Friday, 27 April 2018

A Lull Before Tuscany


It came from nowhere. I was sitting in the conservatory reflecting happily on the brilliant day I'd had the day before with the Wiltshire Historic Churches Trust, (when a great bunch of chums had visited four really interesting local churches, with much chat and a nice pub lunch - all of which I was asked to record in pictures and words) when I was struck by a sudden shaft of grief. I couldn't for the moment work out what particular thing had sent it my way until I realised that, at the same time, I had been idly flicking through the pages of the latest National Trust magazine and had chanced across a reference to Holcombe Hall. This had been the bucket list target of our last big adventure, the decidedly mixed excursion to Norfolk last October. It had been a great success in some ways but in Cherry's then state had been over-ambitious and we'd abandoned the finale, which had been at long last to make it to Holcombe Hall. In effect I had been ambushed by something I hadn't seen coming.    

 

 
In fact this happens all the time, as I come across pots in the freezer marked 'blog' in Cherry's inimitable style (Spaghetti Bolognaise !) , the notice of Cherry's funeral in an old copy of  the Parish Magazine,  endless correspondence dealing with probate matters and of course the belated condolences that are still trickling in, mainly from abroad. We heard recently that donations in Cherry's name to her two favoured charities, Dorothy House and the RSPB were £633.01 and £512.25 respectively. Slightly weird sums but nice all the same.  Robyn Long  from Australia sent a batch of postcards that Cherry had sent her: 'She was such an enthusiastic and observant traveller and I thought your grandchildren might like an example of her handwriting as a keepsake...I couldn't bring myself to discard them...'  It took some resolution on my part to look at them, I might say, but I was glad I did. From Malaysia, China, Japan, Korea and Spain, they were testimony to Cherry's exuberant and excited pleasure in travel.  Another recent reminder was from the hulking 'Mark the Alarm'  (as Cherry christened him)  our Welsh provider of the household alarm system. Interestingly,  he's an ex-submariner although I imagine it must have been a squeeze for him even in today's much bigger boats.  When he called recently to service the alarm, he said Cherry was 'brilliant - his favourite lady, always with a welcome, but 'feisty....telling me I talked too much.' He recalled one time appearing with an apprentice learning the ropes, who Cherry discovered was a pond expert. Without so much as a by-your-leave she pulled him out of 'all that boring stuff' and they spent an hour sorting out the pond, while poor Mark did the alarm on his own and had his coffee. He didn't seem to hold a grudge.

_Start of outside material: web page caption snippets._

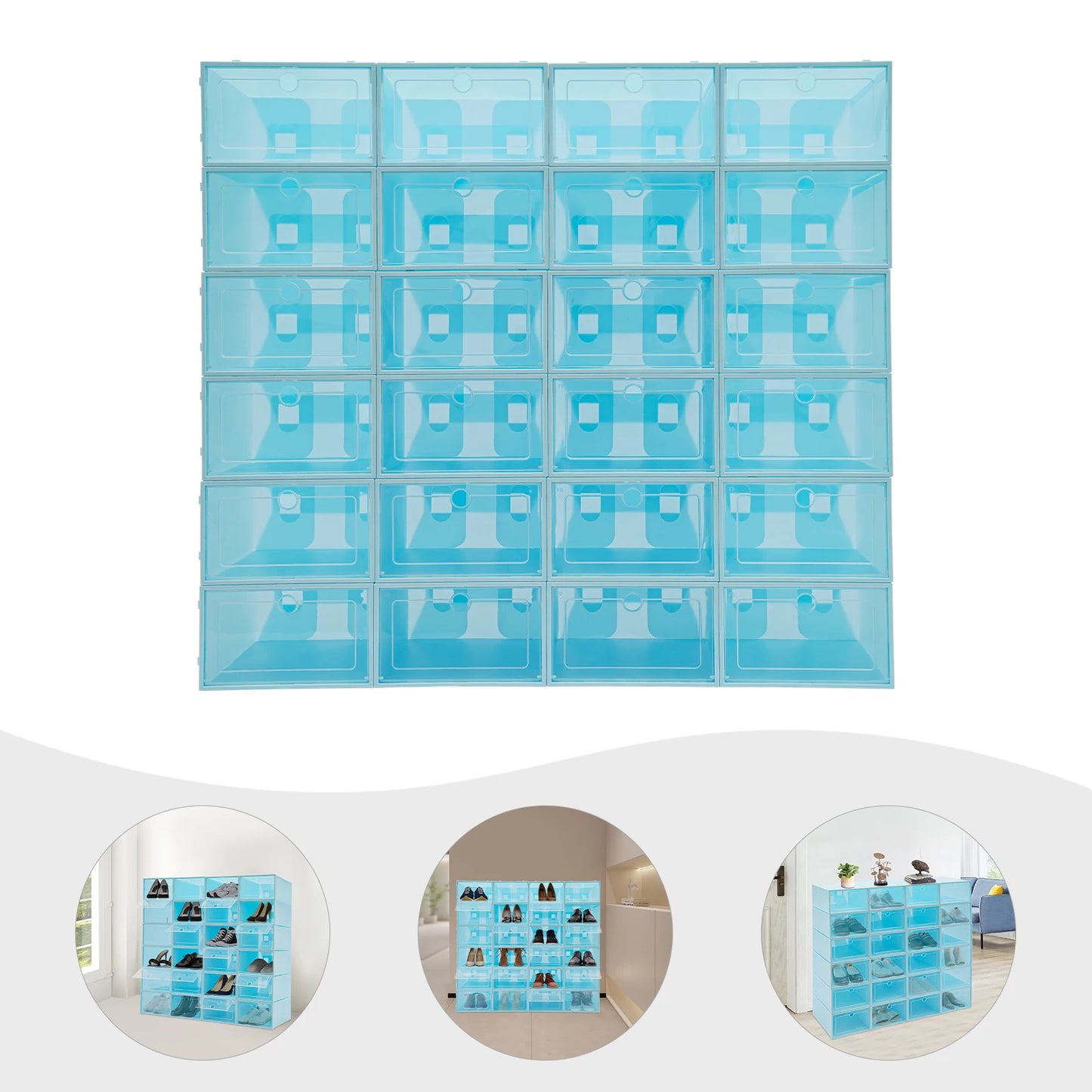 Bymaocar Stackable Shoe Organizer Boxes With Heart Shaped Hole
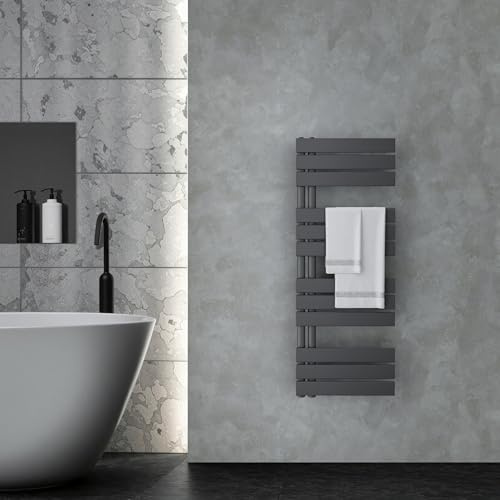 VILSTEIN® Badheizkörper [120x45cm] - Handtuchheizkörper Elektrisch einsetzbar [SEITLICH OFFEN] - Handtuchtrockner Badezimmer - Handtuch Heizkörper Bad - Handtuchheizung - Wandheizkörper - (Schwarz)
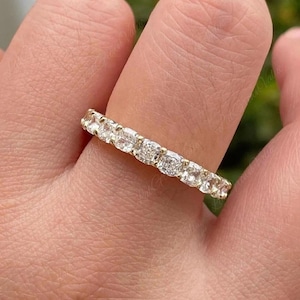 Cushion Cut Moissanite diamond Wedding Band 14k gold full eternity Matching Band U Prong Set Bridal Stacking Band  Engagement Ring gift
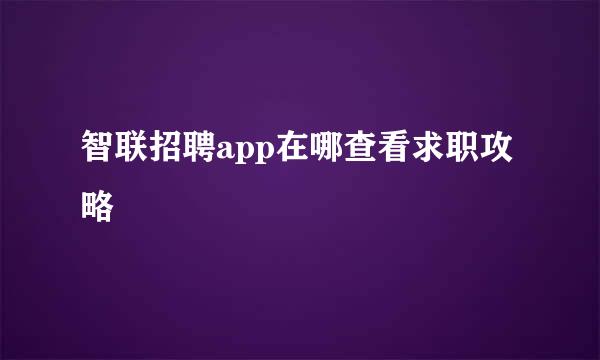 智联招聘app在哪查看求职攻略
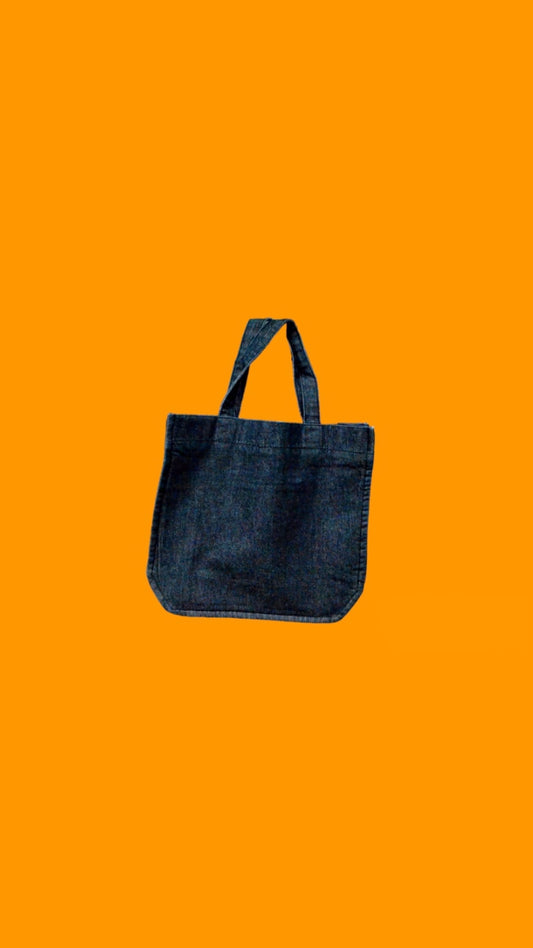 Plain Black Denim Tote Bag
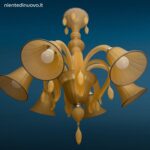 04683_4.jpg Lampadario moderno in vetro satinato ambra con sei luci e pendenti in vetro soffiato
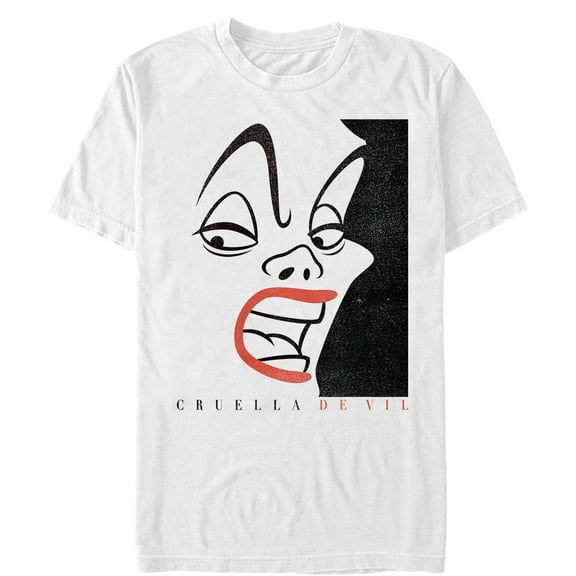 Men's One Hundred and One Dalmatians Modern Cruella Graphic Tee White Small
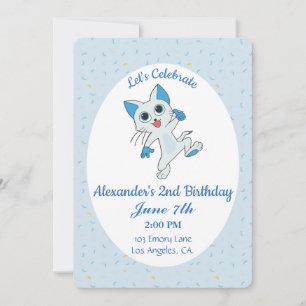 Convite de Aniversário para Gatos Gatos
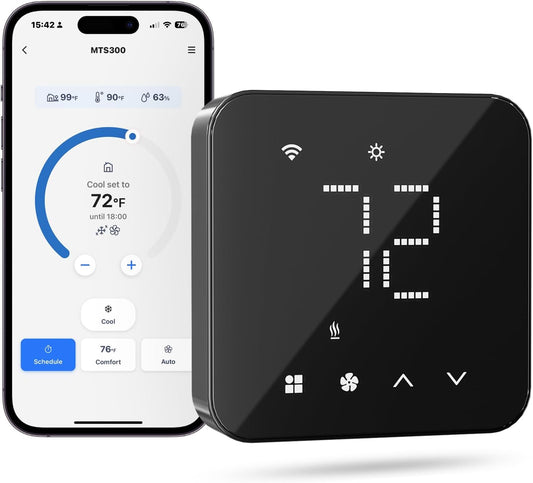 Smart Thermostat for Home, Wifi Thermostat Works with Matter, Alexa, Apple Home, Google Assistant, App & Voice Control, 7X24H Scheduling, Energy Saving, C-Wire Required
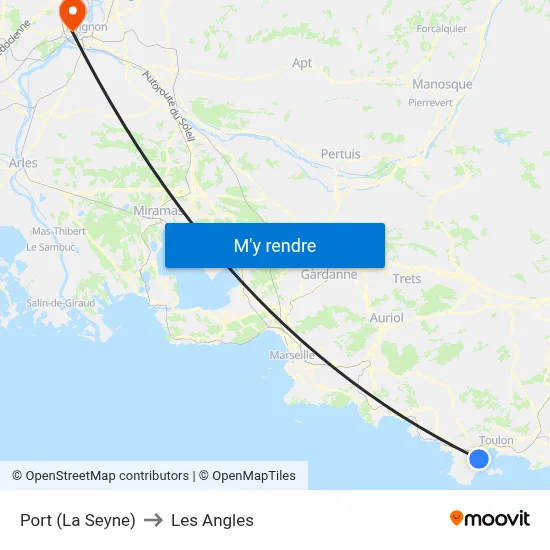 Port (La Seyne) to Les Angles map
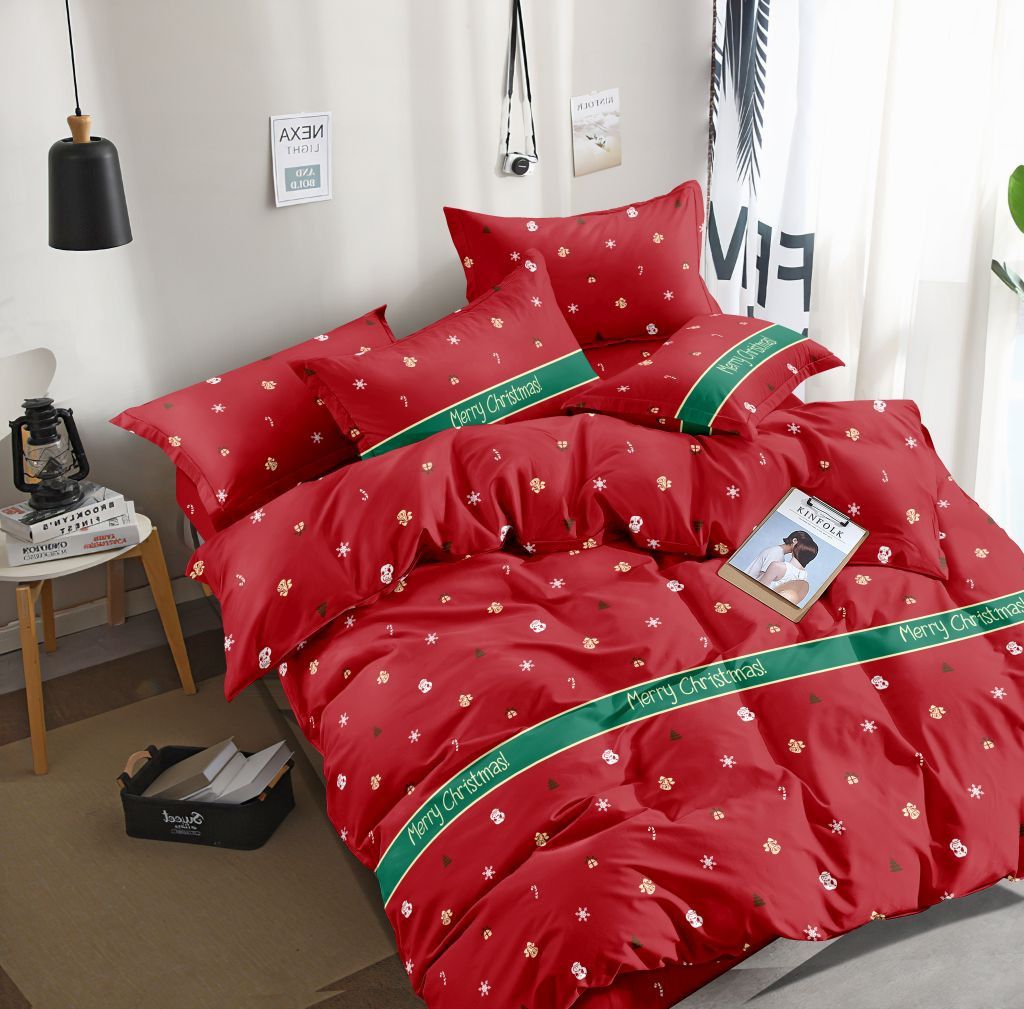 DomTextilu Kvalitné červené vianočné posteľné obliečky s vločkami a nápisom Merry Christmas 2 časti: 1ks 140 cmx200 + 1ks 70 cmx80 Červená 180x220 cm 47812-220132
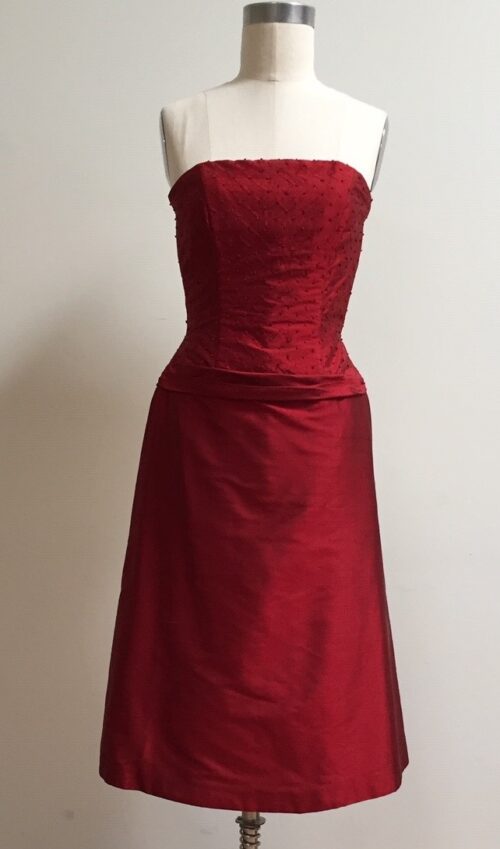 red strapless dress for wedding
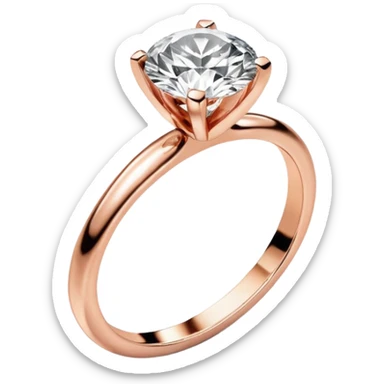 Rose gold engagement ring with round diamond sticker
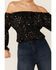 Image #2 - Lush Women's Star Print Top, Black, hi-res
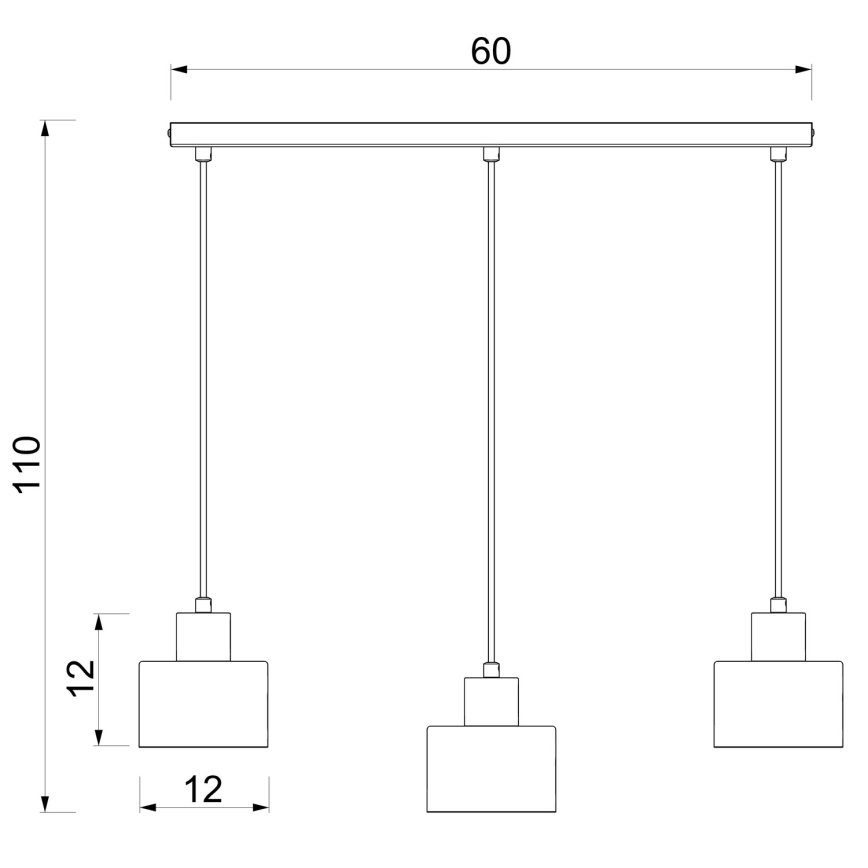 Hängeleuchte an Kabel PARKLA 3xE27/15W/230V schwarz
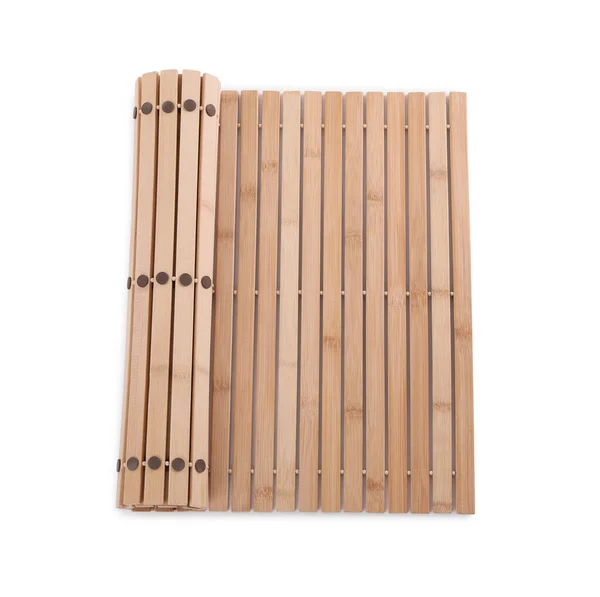 Bambumatta Isolerad Vit Ovanifrån Tillbehör Till Badkar — Stockfoto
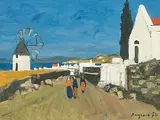 Le moulin Mykonos", 1977 by Georges Borgeaud, oil on canvas, sold Sep 2019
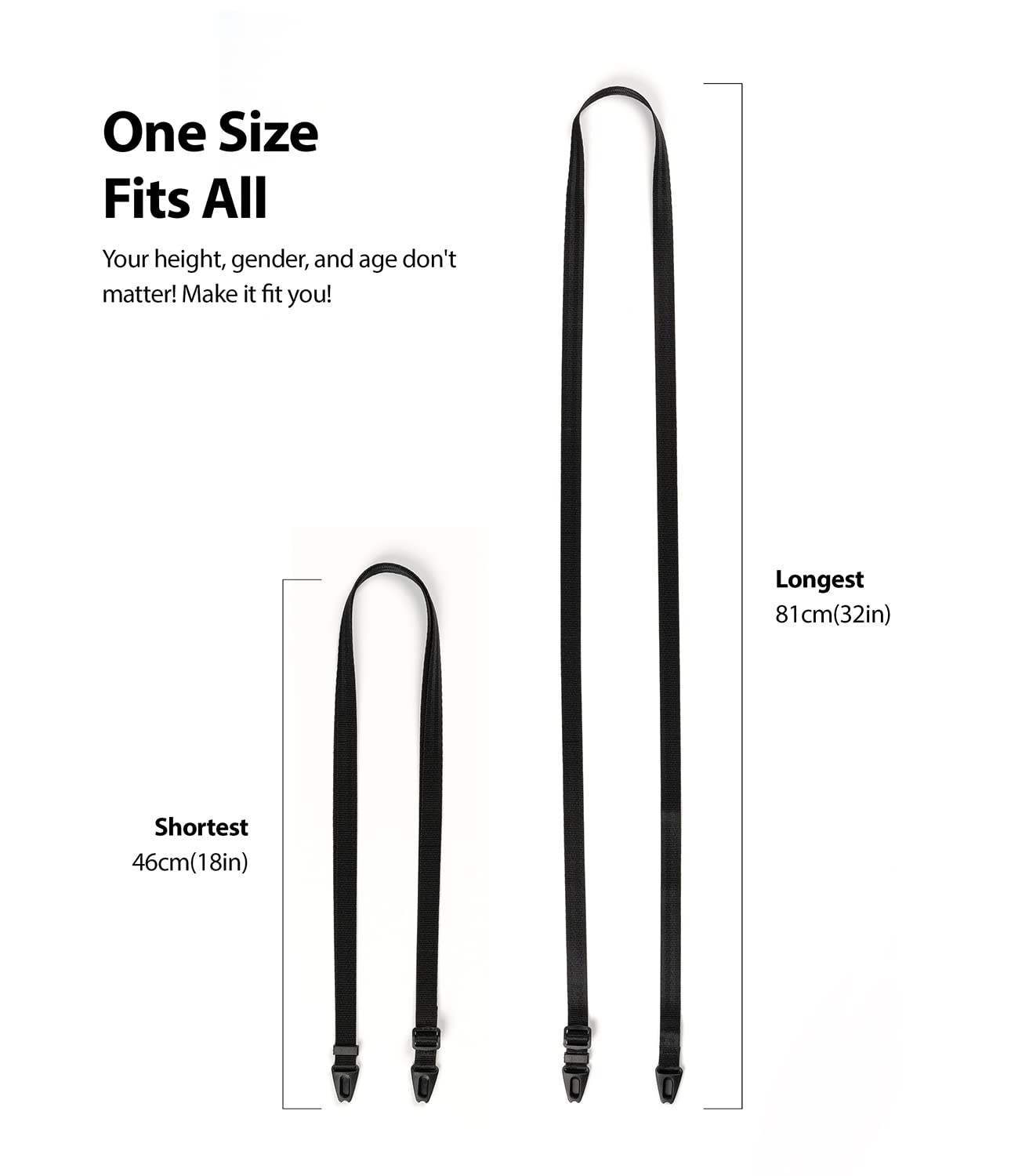 **Ringke Adjustable Universal Crossbody Shoulder Strap – Durable Phone & Camera Lanyard for Smartphones, DSLRs, and Cases – Perfect for Travel, Hiking, and Events**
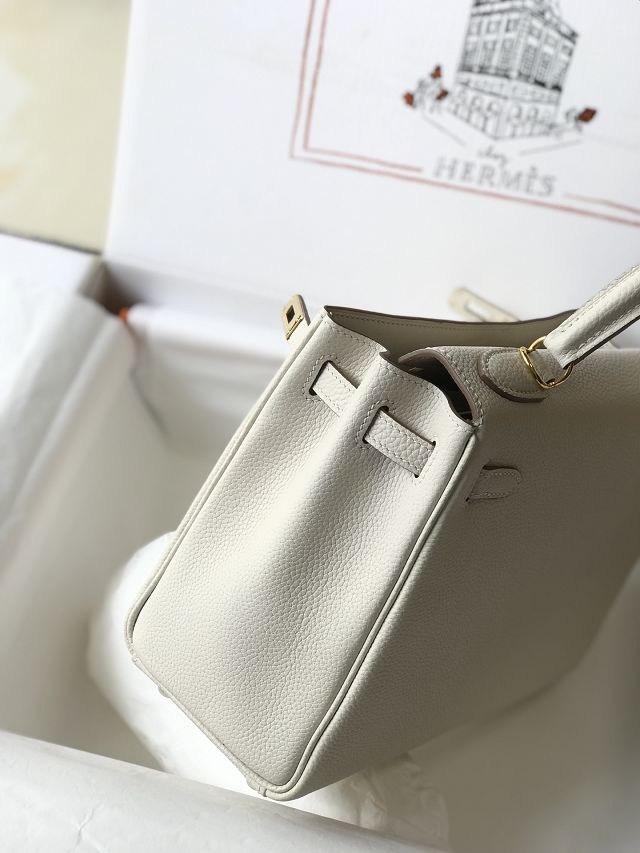 Hermes original togo leather kelly 25 bag K25 craie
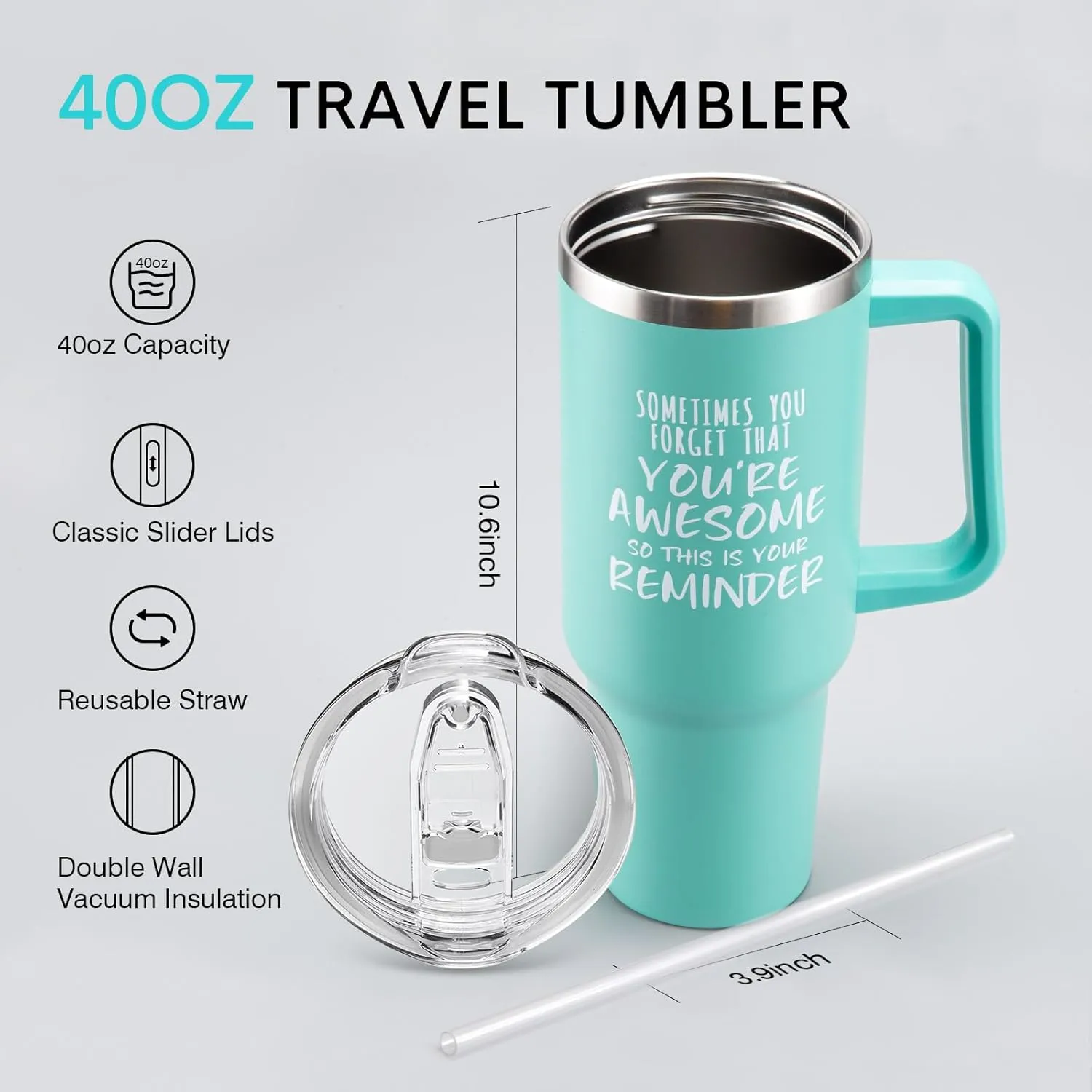 NOWWISH Gifts for Women, Birthday Inspirational Thank You GIfts for Women Mom Wife with this Funny Tumbler, 40 oz Tumbler with Handle and Straw - Green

Although all these 'reminders' of Cherry and my loss are bitter sweet I welcome them because they help preserve the linkages between her and me, just as does the picture show that comes up on the computer  screen when I doze off and leave it for a while. For that reason I'm a bit reluctant actually to eat the 'blog' I referred to earlier. This even applies to watching and then deleting telly programmes that Cherry had hopefully recorded to watch some day but never did. I did though, starting with Andrew Marr's  'Sleuths, Spies and Sorcerers' but it took some resolution. This feeling was echoed by one of my closest friends who said that my '...point about moving stuff and "slipping something that moored Cherry to Wansdyke Cottage" ' was affecting....Caught by surprise I was: how our material stuff is reflective of entirely un-material 'other stuff.'   An American friend said that he thought of his long-departed wife everyday 'with equanimity and serenity' and I know I will too one day after most of these tangible physical reminders have succumbed to the inexorable demands of 'normal' life, and got watched, eaten or whatever.  But at the moment that 'equanimity' is a long way off. I read somewhere recently that someone else in my position found that they had become more emotional about everything, not just their loss, and I have been surprised to find myself much the same. Even to the ridiculous extent of misty eyes when the English women netball team at the Commonwealth games won gold through a last-second goal.  I take not the slightest interest in sport and only saw it on the news  but it was a bizarre example of the way that other people's emotion, of any sort, sparks unexpected reactions in me.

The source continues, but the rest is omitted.